Shortlisted for 5 WAF Awards
26 06 2018
Delighted to be shortlisted for 5 WAF Awards this year! We look forward to World Architecture Festival to be held in Amsterdam in November, where the projects will presented in front of the jury.
In 2015, Columbia Threadneedle commissioned Pilbrow & Partners to prepare redevelopment proposals for 127 Kensington High Street at the corner of Kensington High Street and Wrights Lane. The proposals remodel the bleak 1970s building to transform the quality of its architecture, public realm and internal working environment.
This private house in London is a Grade II listed building that was designed as a family home by EP Warren. The building is currently on Historic England’s ‘Buildings at Risk’ register.The proposals are informed by a thorough assessment of the historical development of the house and garden and its significance as a heritage asset in the Kensington Conservation Area.

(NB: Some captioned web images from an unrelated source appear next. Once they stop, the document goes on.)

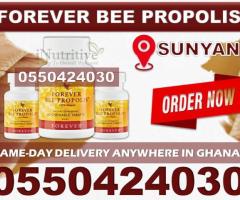 Forever Bee Propolis in Sunyani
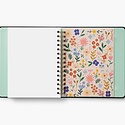 Rifle Paper Co - RP 2024 Flores 17-Month Covered Planner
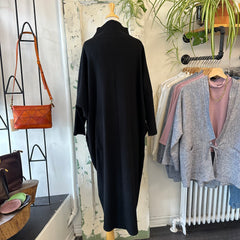 MAS // Frankfurt Dress Pepper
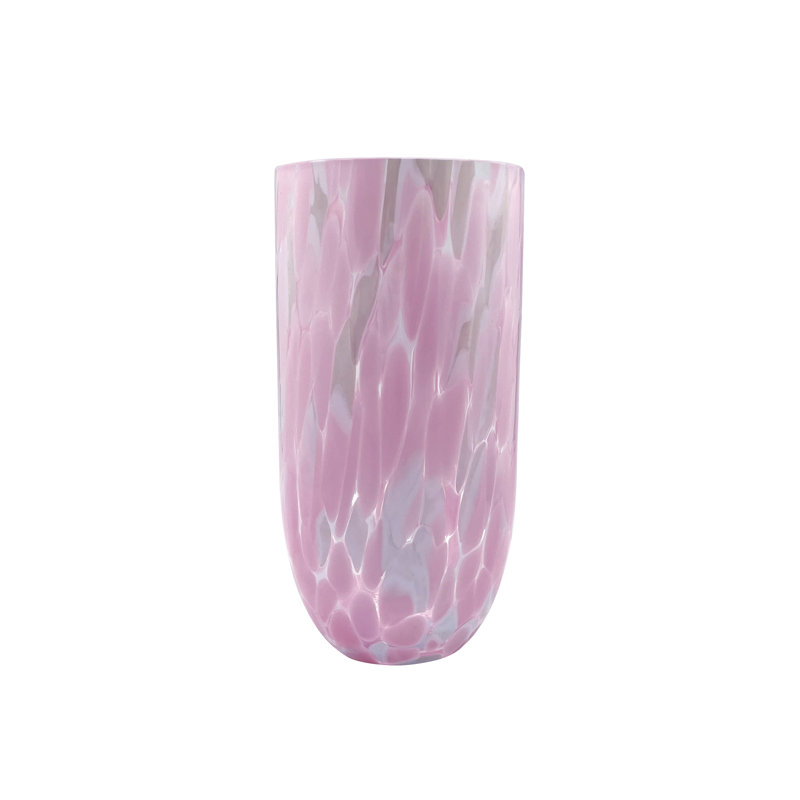 Sip Sip Handmade Drinking Glass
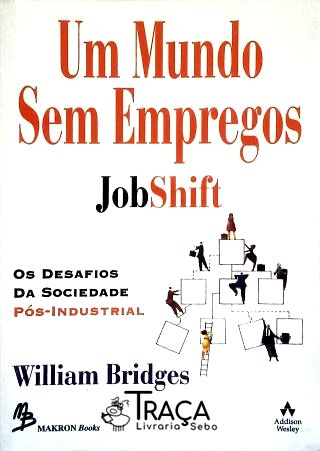 Um Mundo sem Empregos
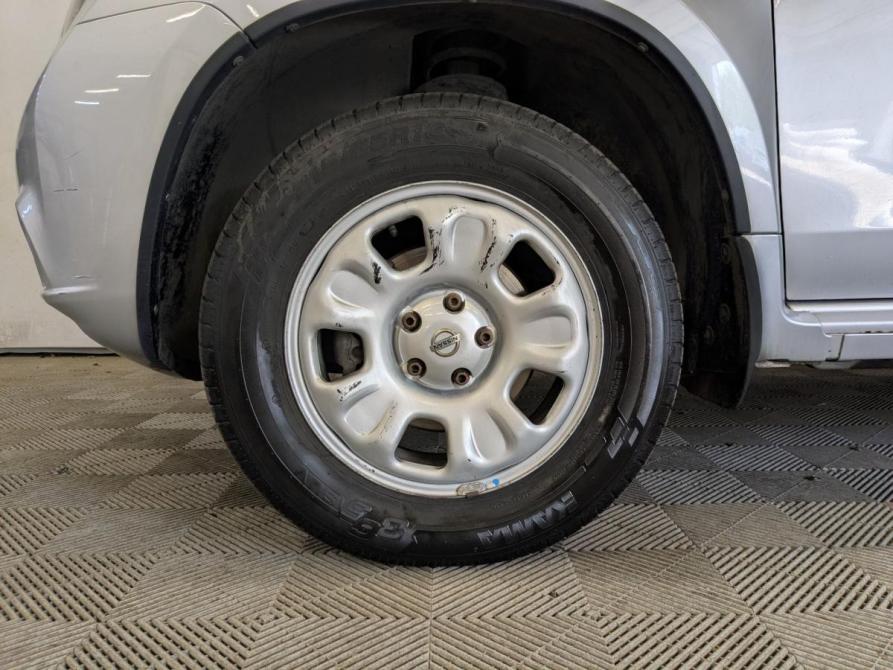 Nissan Terrano III (D10) Москва  - изображение 18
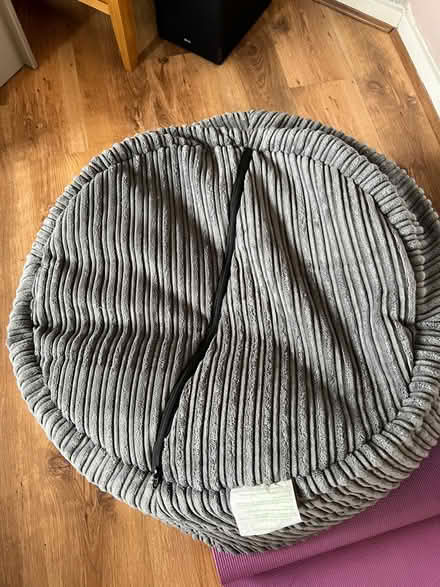Photo of free Bean bag (NE8 St James Village) #3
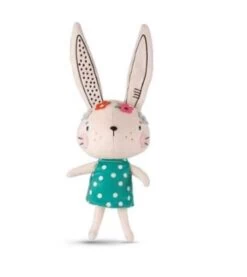 Nici 90420 Lemon Ribbon Hase 25cm Plüsch Kuscheltier Schlenker -Boutique-Laden für Plüschtiere 90420ptULvyScoLUUNet 2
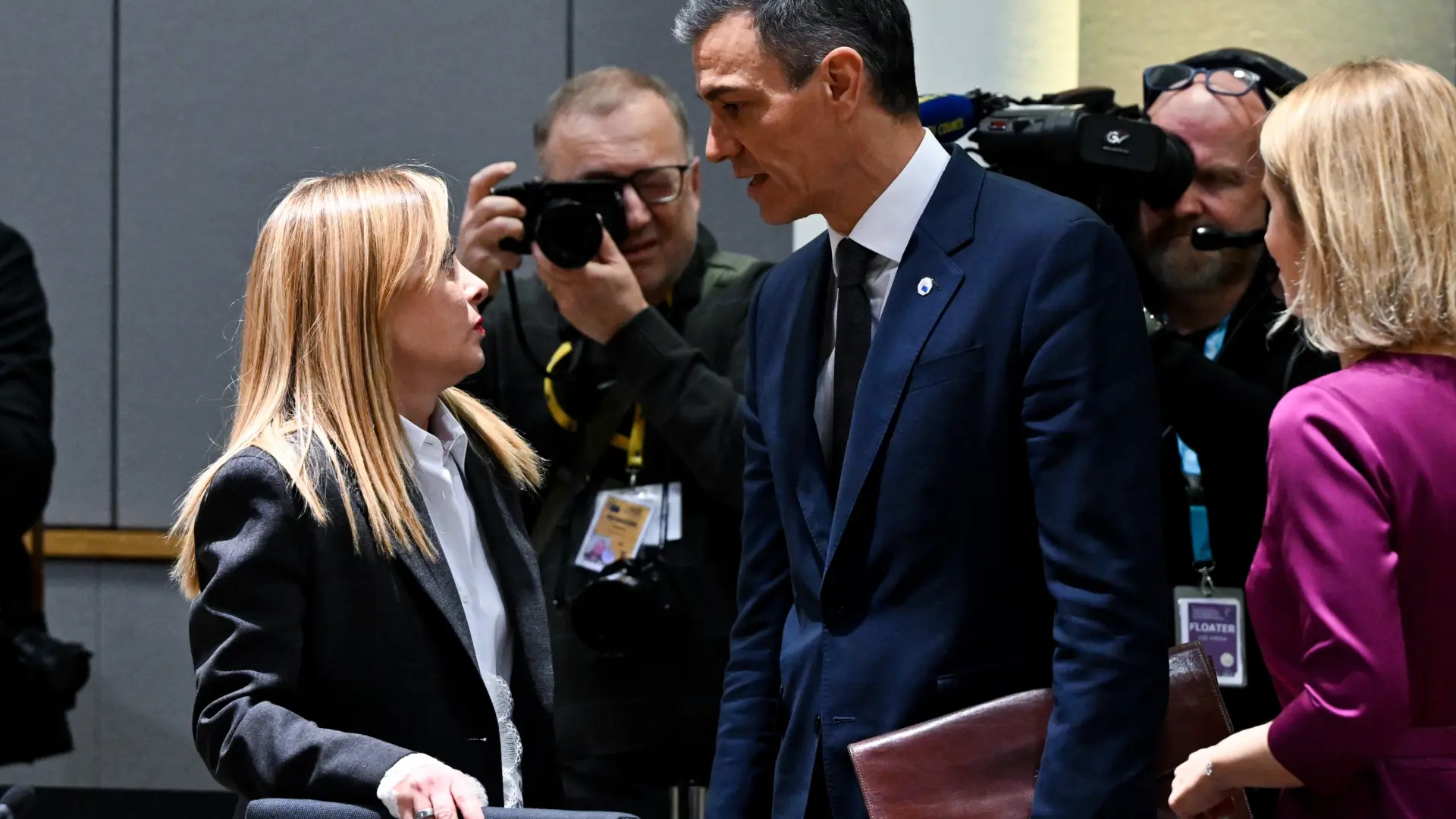 La crisis en Ceuta escala y provoca un choque diplomático sin precedentes entre España y varios socios europeos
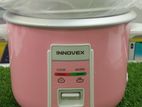 Innovex 1.5 l rice cooker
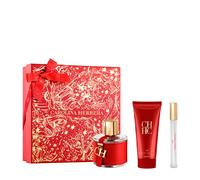 CAROLINA HERRERA CH Eau de Toilette Coffret 100ML Eau de toilette Parfums pour Femme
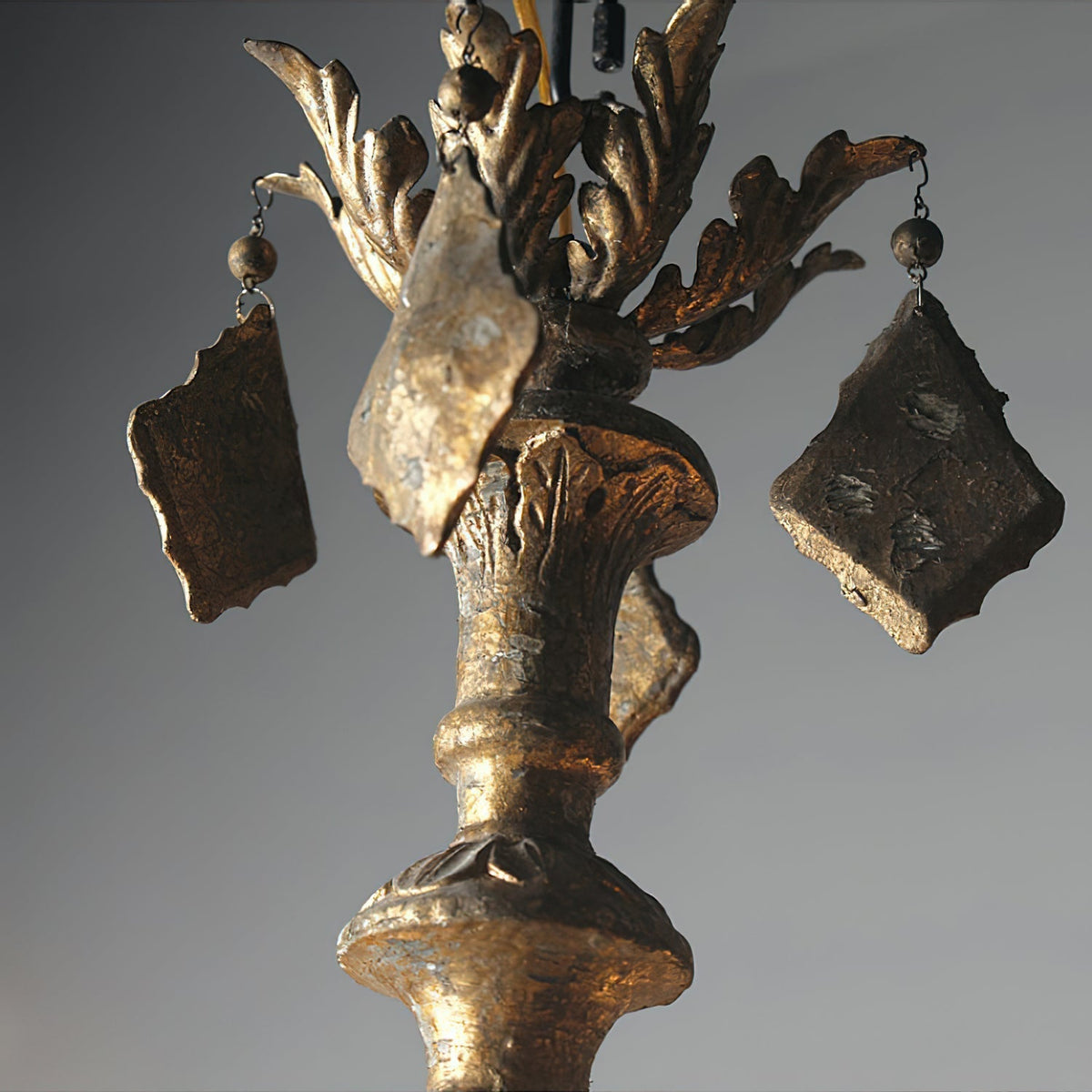 Avenerelle candelabru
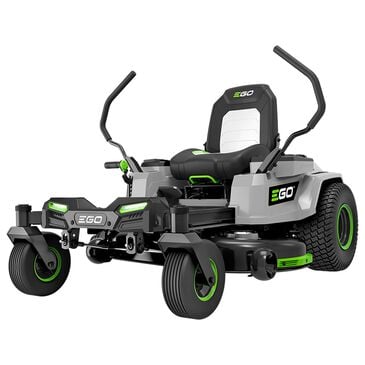 EGO Power+ 42" Z6 Zero Turn Battery-Powered Riding Mower, , large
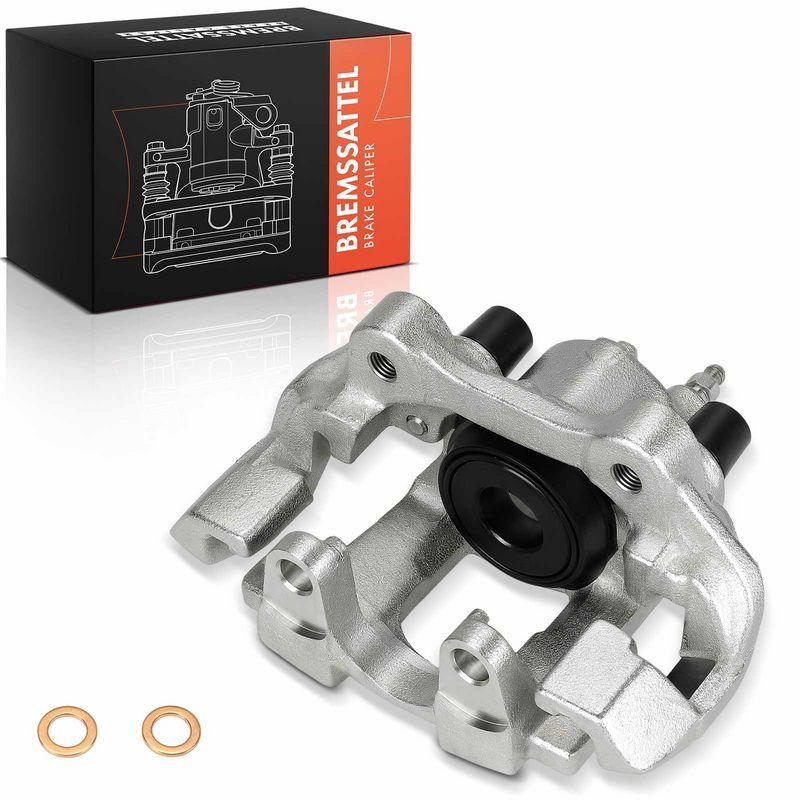 1x Frankberg Bremssattel Hinterachse Rechts 5481FB0002692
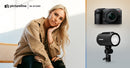 Nikon & Profoto Demo Day - July 28th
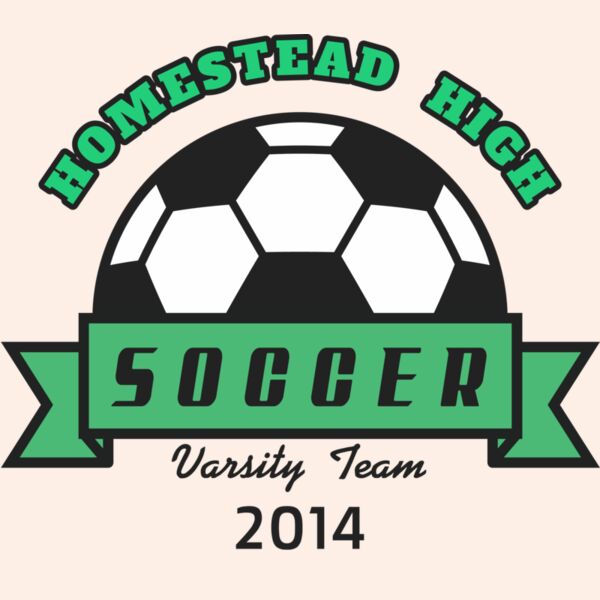 Soccer Template DNT001 Thumbnail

The proposals for a new urban quarter on the Albert Embankment integrate a rich mix of uses to deliver a vibrant and diverse new community. Their masterplan, designed for the London Fire Brigade and U+I, will deliver a new Fire Station and a new FireServices Museum together with new homes, retail space and a hotel. A revitalised public realm delivers three new public squares, animated by shops and cafes, and linked to new routes across the development.
In 2017 Pilbrow & Partners was invited to develop ideas for a new bridge in east London to improve connectivity and strengthen local economies. The Blade Gate provides a distinctive, elegant and logical response to the challenge of spanning the lower Thames. It will connect existing communities in Wapping and Rotherhithe and promote a wider arc of regeneration between Aldgate and Canada Water.
Pilbrow & Partners are working with Soho Theatre, Waltham Forest Council and Downing to restore this Grade II* listed super cinema to form the centrepiece of the borough’s cultural regeneration strategy. The cinema is recognised to be of national significance as a rare surviving example of the extravagant and flamboyant work of the Granada Group and their famed designers Cecil Aubrey Masey, and Theodore Komisarjevsky, working at the height of the cinema boom of the 1930s. The building has been derelict for a decade. Our plans restore it as a new live performing arts venue.